- Task goal
For this exercise, please transcribe exactly and only the lines from the one containing "Closer-view-of-flower-of-Clematis-vitalba" through the end of the material, both ends included, without pictures.
--*--
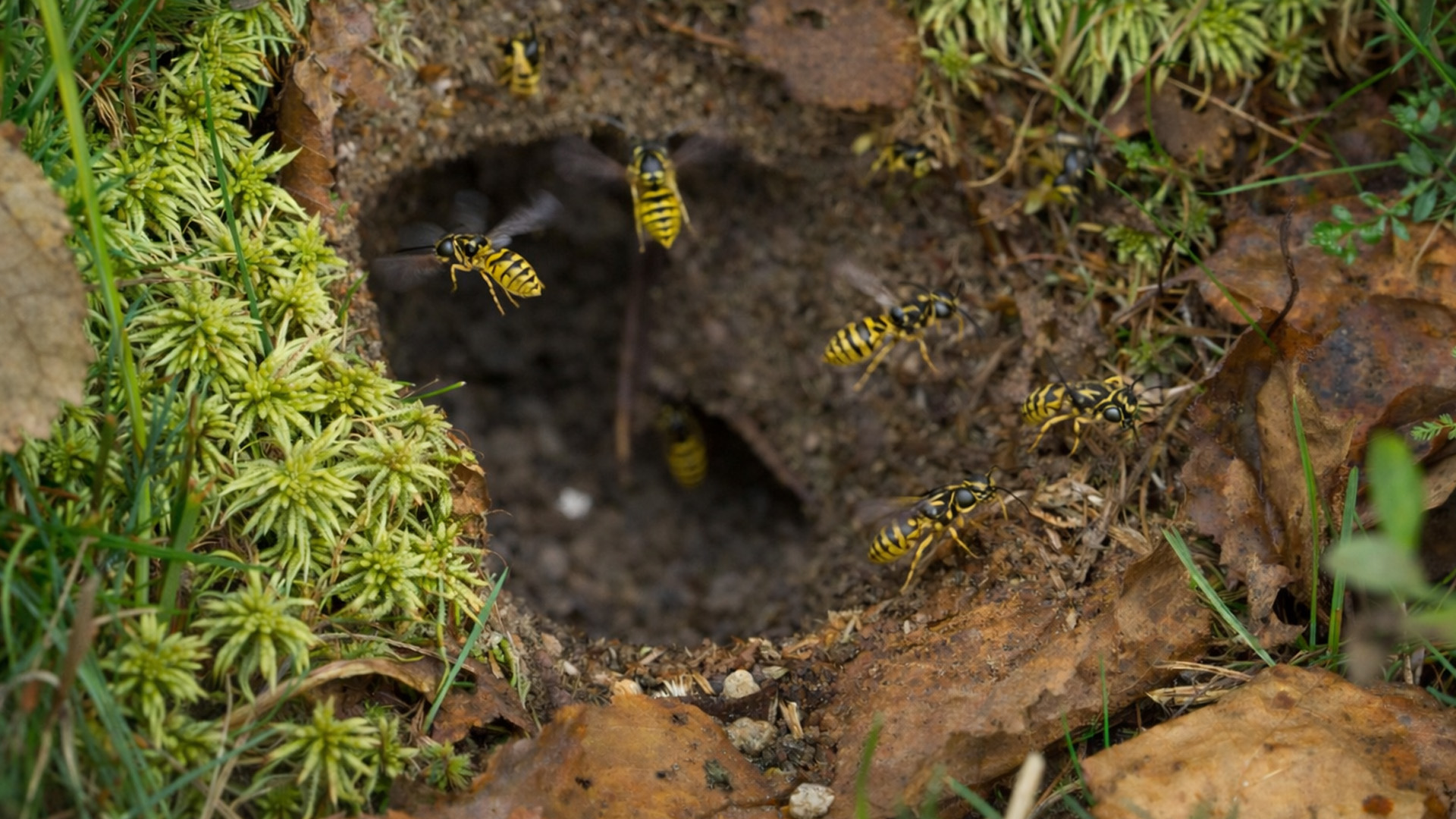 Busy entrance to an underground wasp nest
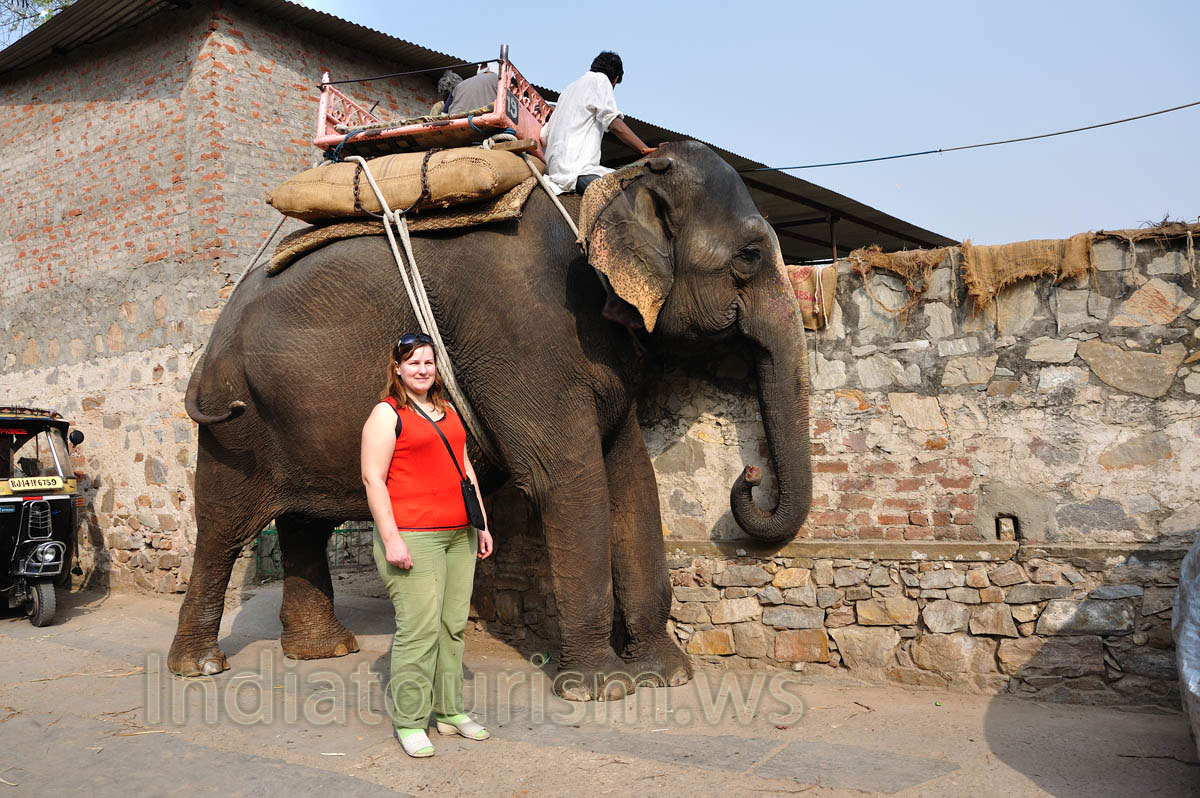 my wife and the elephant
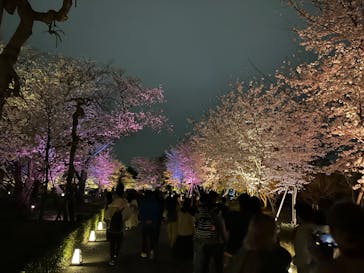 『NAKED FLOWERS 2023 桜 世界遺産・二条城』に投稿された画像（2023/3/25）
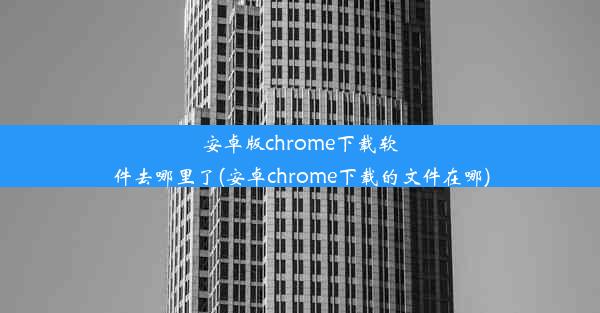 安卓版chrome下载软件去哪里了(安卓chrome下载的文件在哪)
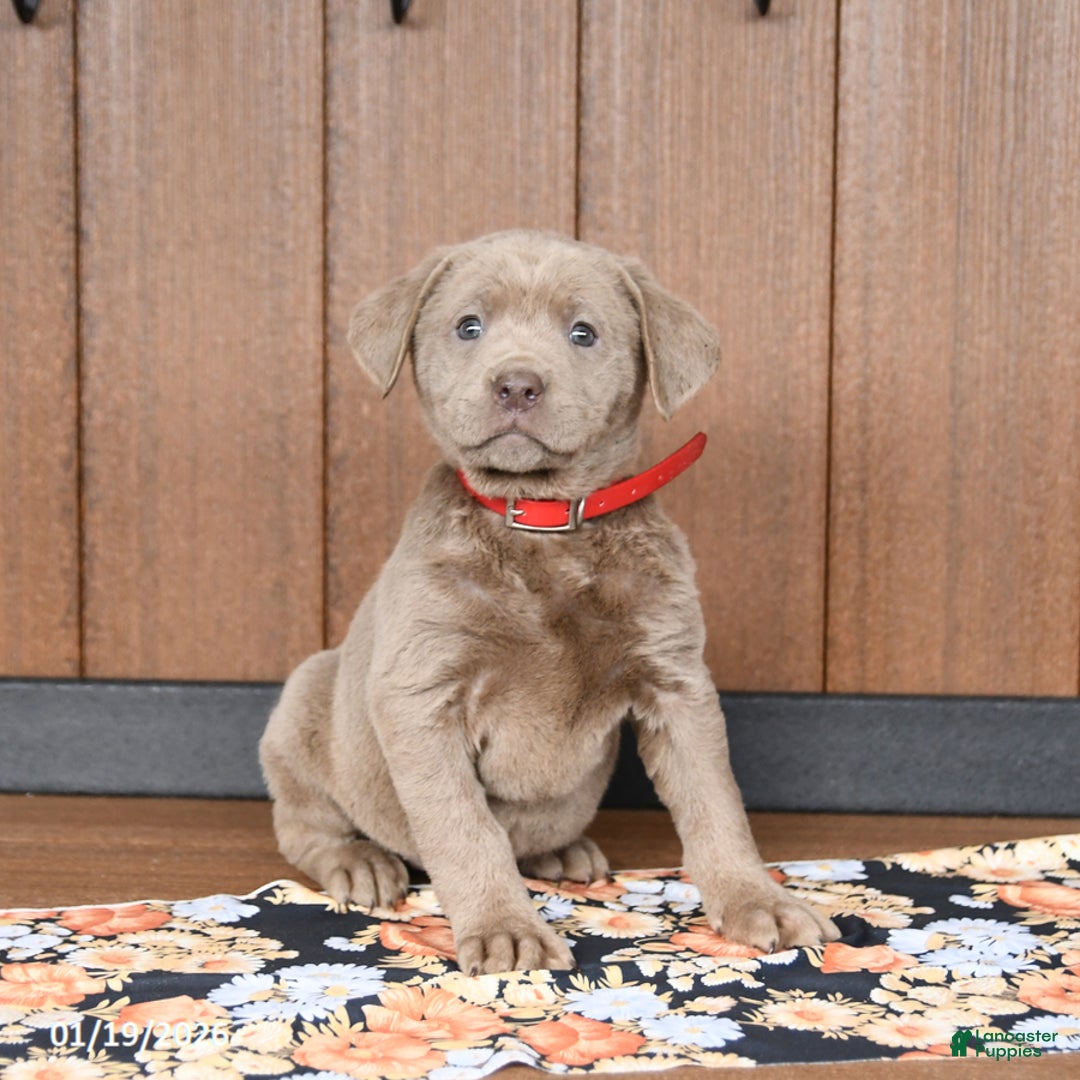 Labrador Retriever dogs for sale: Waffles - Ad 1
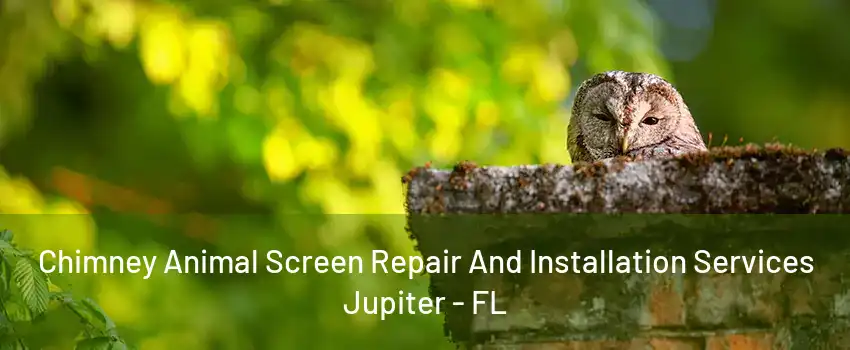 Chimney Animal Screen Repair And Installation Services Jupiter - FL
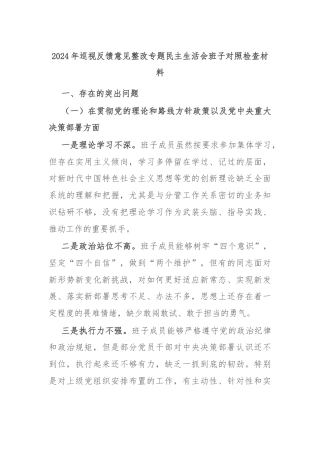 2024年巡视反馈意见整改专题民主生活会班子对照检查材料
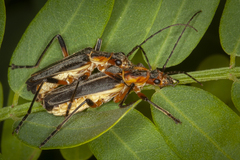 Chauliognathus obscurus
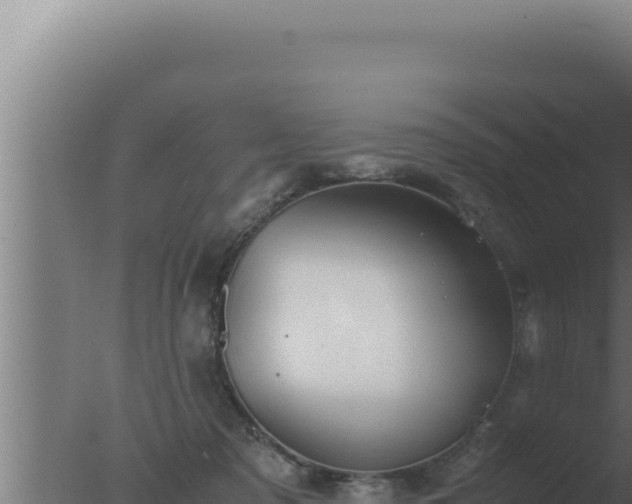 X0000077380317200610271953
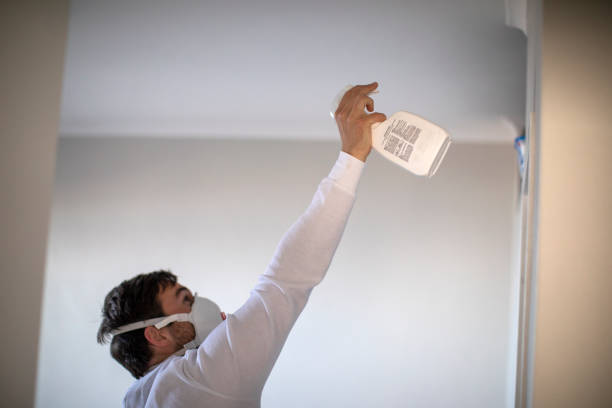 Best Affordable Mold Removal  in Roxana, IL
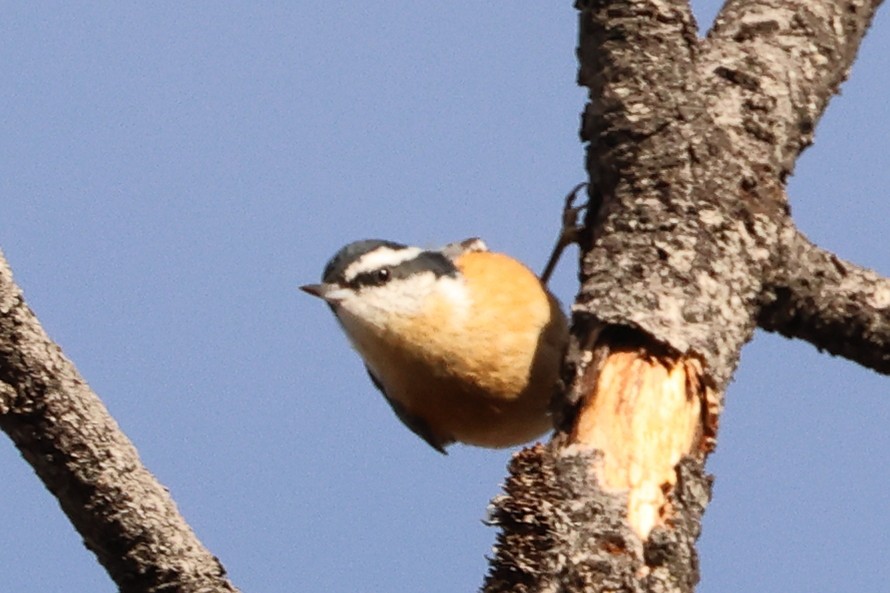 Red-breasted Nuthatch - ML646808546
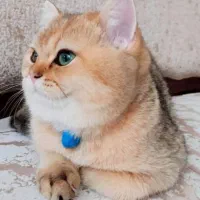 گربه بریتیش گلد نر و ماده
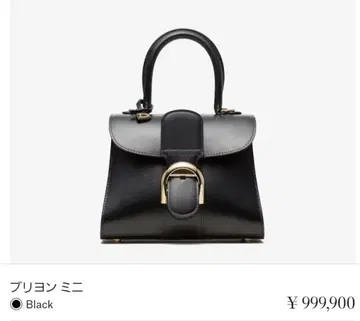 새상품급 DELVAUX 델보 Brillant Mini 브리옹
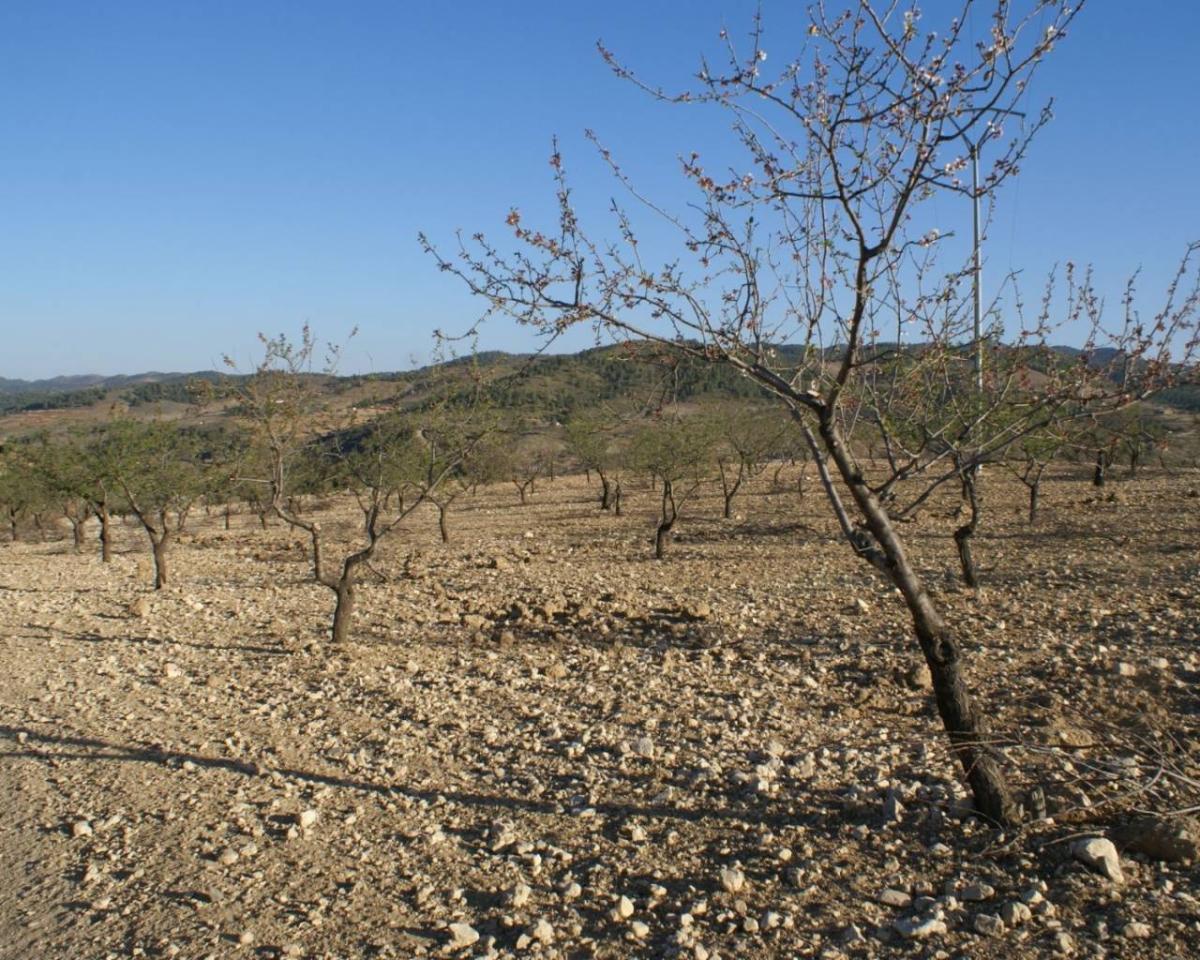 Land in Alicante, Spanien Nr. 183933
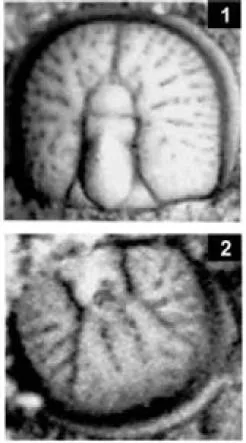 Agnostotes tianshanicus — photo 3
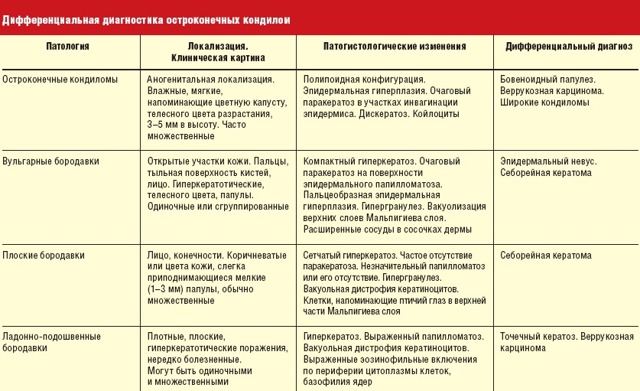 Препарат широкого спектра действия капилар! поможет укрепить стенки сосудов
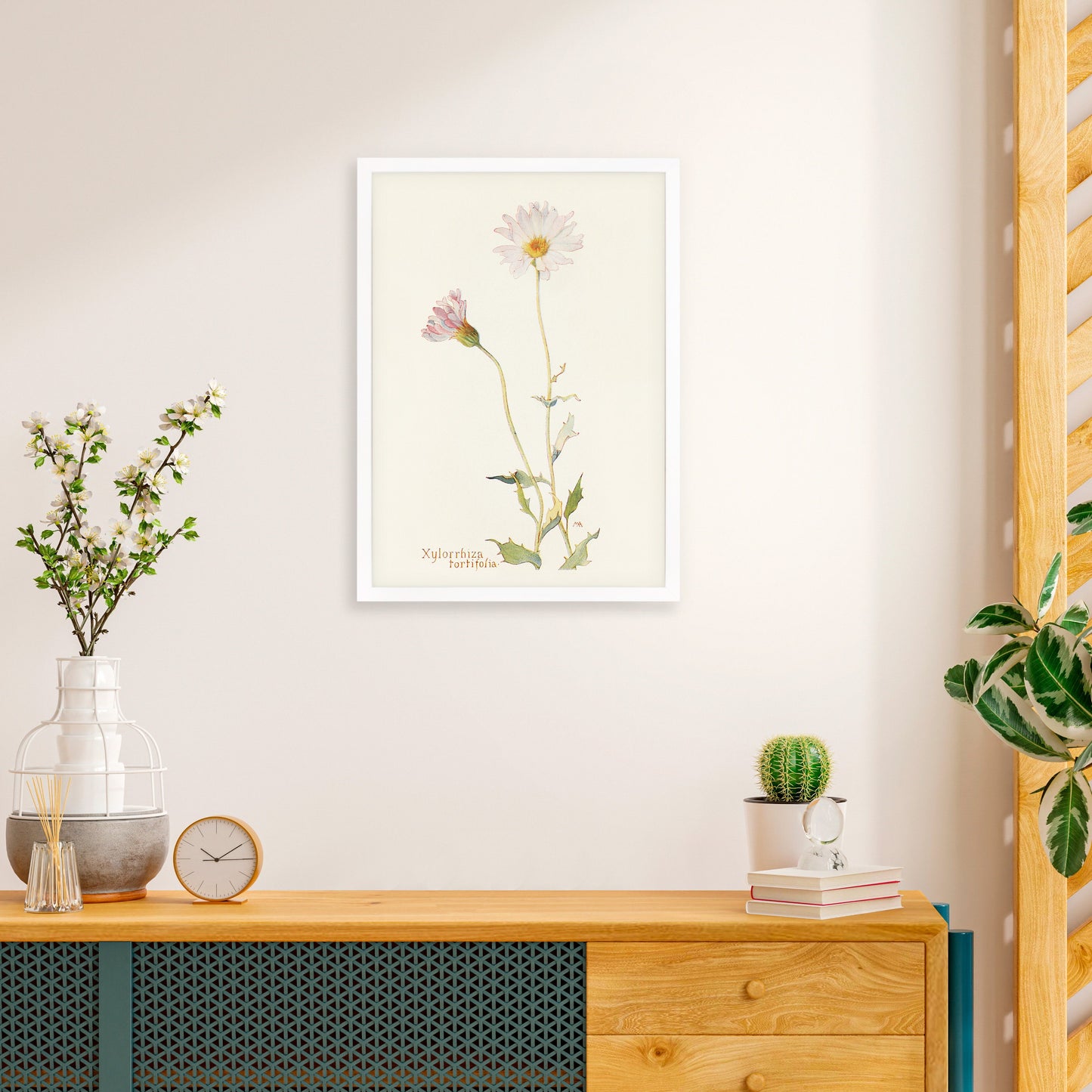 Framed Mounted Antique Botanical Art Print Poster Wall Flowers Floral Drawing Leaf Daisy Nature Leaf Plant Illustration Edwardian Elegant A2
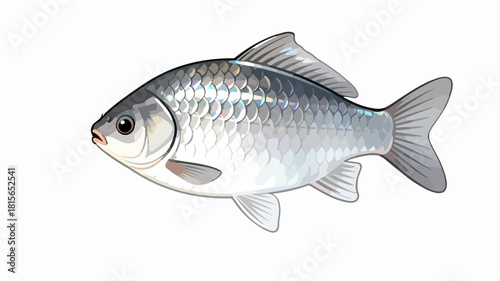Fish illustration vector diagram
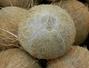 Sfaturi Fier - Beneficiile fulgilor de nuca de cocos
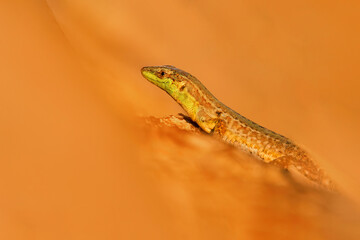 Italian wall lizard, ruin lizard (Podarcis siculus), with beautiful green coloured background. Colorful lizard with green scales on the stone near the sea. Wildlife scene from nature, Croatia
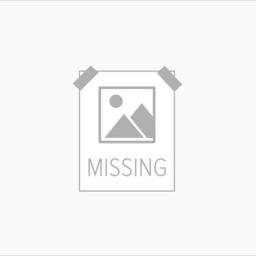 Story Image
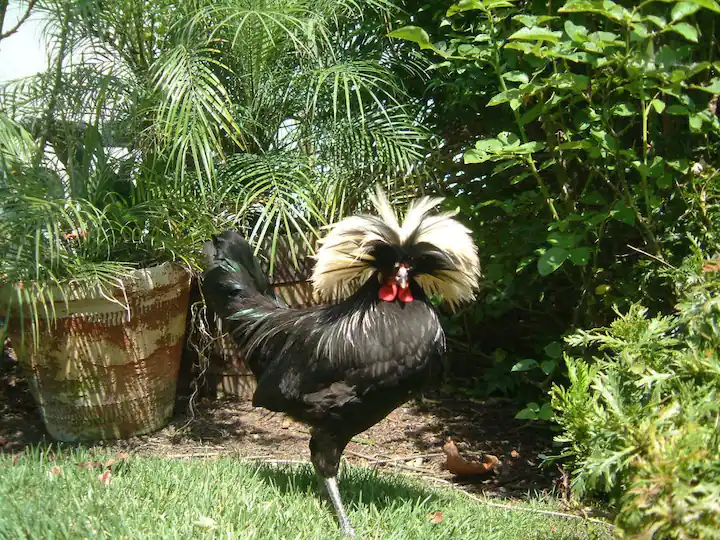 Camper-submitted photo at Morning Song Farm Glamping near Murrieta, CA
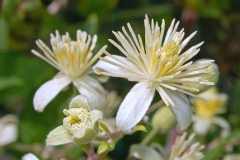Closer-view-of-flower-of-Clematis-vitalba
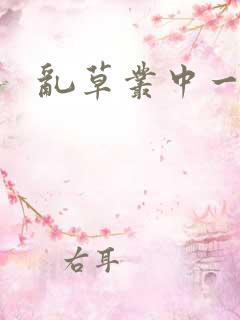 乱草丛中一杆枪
--*--
- Answer to this task
Closer-view-of-flower-of-Clematis-vitalba
 乱草丛中一杆枪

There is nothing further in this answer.